* **Input**:

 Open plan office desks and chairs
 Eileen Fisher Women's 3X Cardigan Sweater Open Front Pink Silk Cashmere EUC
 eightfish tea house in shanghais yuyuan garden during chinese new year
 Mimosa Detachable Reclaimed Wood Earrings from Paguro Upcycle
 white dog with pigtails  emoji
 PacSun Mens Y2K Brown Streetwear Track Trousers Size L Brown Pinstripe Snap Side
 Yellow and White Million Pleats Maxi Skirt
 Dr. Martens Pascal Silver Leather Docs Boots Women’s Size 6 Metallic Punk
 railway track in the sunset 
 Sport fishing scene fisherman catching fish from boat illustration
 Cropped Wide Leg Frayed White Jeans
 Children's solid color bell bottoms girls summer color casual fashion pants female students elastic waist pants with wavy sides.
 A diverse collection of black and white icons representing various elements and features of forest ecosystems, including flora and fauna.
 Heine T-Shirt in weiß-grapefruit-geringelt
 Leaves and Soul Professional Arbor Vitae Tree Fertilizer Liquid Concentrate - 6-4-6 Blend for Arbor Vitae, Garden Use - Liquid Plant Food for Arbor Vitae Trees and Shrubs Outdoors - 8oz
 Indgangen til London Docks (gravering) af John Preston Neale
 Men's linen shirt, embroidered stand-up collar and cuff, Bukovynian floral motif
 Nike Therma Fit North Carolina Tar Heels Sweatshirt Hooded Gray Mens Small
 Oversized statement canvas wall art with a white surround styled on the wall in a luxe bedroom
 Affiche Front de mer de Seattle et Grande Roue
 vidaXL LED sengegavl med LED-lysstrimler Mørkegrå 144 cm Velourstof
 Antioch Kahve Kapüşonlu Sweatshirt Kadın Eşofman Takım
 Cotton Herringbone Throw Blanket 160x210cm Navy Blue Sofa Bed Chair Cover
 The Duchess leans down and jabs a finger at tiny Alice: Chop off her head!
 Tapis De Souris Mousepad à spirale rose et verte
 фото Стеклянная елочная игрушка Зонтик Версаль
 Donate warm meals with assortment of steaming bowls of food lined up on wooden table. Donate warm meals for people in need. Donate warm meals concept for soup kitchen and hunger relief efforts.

* **Your task**: Each line of the entries that contains "Women" counts once; state the total as a bare number.

* **Task answer**: 2